W rejonie pól naftowych we wschodniej Syrii od razu widziano kilka amerykańskich śmigłowców wojskowych. Według najnowszych informacji niektórym z nich towarzyszą kolumny, w których znajdują się członkowie amerykańskiego kontyngentu wojskowego, a także przedstawiciele kurdyjskich ugrupowań zbrojnych. Aktywność amerykańską odnotowano na terenie miasta Al-Suheil, na południowy wschód od Deir ez-Zor, centrum administracyjnego prowincji o tej samej nazwie.
Według niektórych doniesień wojska amerykańskie przygotowują specjalną operację przeciwko siłom, które w ostatnim czasie niemal codziennie powodowały szkody oddziałom kurdyjskim zaangażowanym przez stronę amerykańską w ochronę obiektów wydobycia ropy naftowej – pól naftowych. Tak więc poprzedniej nocy dokonano sabotażu pojazdu wojskowego należącego do tak zwanych Syryjskich Sił Demokratycznych. W wyniku eksplozji samochodu w rejonie osady Al-Shuwar zginęły dwie osoby, a trzech kolejnych przedstawicieli kurdyjskiej grupy zbrojnej zostało poważnie rannych.

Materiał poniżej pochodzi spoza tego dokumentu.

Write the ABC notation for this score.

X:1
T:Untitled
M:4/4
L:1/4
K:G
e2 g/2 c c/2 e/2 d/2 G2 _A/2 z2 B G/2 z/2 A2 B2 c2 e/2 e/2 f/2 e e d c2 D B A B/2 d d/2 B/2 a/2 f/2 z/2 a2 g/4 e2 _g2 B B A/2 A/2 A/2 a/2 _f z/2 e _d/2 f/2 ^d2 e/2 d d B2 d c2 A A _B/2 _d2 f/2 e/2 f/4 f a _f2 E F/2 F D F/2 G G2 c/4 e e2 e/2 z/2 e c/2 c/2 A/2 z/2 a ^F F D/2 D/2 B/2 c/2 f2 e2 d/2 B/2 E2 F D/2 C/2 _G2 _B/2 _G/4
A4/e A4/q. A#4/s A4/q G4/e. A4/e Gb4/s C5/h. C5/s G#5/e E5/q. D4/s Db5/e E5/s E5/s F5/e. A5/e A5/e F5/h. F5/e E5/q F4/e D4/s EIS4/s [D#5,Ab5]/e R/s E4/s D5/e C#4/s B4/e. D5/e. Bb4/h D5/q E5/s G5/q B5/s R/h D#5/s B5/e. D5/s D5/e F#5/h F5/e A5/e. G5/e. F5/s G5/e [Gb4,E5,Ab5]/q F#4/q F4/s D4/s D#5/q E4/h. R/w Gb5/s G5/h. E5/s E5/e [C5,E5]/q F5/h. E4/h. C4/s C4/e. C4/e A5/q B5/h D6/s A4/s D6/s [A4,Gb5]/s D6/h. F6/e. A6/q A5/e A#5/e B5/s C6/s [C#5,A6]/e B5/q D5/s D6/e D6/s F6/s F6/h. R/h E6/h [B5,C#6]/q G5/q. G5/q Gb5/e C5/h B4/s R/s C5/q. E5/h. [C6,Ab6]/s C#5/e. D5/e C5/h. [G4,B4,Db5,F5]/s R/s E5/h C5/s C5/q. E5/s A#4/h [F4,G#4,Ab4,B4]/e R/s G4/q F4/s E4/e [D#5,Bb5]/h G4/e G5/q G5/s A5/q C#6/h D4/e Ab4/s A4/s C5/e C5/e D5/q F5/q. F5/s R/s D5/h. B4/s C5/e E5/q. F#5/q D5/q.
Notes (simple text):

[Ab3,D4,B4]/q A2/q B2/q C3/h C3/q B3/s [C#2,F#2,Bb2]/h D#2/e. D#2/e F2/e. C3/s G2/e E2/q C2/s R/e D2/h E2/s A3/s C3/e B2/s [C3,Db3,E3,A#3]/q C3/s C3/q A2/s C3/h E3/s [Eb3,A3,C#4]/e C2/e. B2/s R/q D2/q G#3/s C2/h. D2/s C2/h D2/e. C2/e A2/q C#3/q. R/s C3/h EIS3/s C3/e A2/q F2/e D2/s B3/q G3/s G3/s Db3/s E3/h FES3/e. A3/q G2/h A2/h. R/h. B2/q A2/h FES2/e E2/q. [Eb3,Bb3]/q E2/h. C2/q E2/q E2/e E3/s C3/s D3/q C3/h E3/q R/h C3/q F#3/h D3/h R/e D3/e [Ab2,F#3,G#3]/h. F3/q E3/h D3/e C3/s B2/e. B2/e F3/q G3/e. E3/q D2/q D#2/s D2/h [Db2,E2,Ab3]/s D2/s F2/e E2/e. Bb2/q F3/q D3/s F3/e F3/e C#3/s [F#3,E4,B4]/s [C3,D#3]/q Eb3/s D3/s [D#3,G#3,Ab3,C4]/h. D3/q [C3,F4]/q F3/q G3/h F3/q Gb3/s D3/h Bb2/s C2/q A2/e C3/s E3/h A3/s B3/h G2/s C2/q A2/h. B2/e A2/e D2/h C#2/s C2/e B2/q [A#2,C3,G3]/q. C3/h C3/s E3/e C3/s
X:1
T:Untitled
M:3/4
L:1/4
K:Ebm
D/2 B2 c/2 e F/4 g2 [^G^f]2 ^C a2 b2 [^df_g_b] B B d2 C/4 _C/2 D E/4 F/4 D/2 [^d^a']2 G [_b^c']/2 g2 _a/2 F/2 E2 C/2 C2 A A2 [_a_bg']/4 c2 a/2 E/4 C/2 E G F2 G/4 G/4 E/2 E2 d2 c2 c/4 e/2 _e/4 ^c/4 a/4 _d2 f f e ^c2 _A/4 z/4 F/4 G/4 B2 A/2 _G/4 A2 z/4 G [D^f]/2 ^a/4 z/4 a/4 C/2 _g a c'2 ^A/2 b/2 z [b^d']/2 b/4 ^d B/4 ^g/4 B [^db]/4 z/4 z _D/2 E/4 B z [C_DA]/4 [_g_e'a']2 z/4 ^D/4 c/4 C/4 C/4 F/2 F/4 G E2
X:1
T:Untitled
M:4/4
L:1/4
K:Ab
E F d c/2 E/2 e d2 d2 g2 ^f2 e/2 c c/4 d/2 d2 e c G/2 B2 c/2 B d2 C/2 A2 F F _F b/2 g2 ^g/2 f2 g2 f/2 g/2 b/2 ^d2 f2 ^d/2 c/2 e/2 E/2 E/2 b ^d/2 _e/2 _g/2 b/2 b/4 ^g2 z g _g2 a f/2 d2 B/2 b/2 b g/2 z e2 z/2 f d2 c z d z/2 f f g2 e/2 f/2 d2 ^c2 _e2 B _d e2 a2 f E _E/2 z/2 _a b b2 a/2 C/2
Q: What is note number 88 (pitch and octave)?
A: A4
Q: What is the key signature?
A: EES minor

W przeszłości było kilka innych ataków.
Amerykańskie dowództwo wojskowe uważa, że w niedawne ataki biorą udział terroryści z grupy ISIS (*zakazane w Federacji Rosyjskiej). Według amerykańskiego wywiadu bojownicy infiltrują obszary pól naftowych Deir ez-Zor poprzez osady Zabari i Havi Sutaikh.

Strefy kontroli ISIS zaznaczone na szaro*
Jeśli wojska amerykańskie rozpoczną operację wojskową, będzie to pierwsza tego typu operacja w ciągu ostatnich kilku miesięcy.
Szczególną uwagę zwraca fakt, że ruch kolumny jest niemal na żywo relacjonowany przez media bliskowschodnie. Pozwala to na założenie, że nie chodzi tu tyle o operację, co o zademonstrowanie „siły i możliwości”. Rozpoczęcie batalii, w których Amerykanom udało się zorganizować nielegalną produkcję ropy, może być niezwykle niebezpieczne dla samych „producentów ropy”.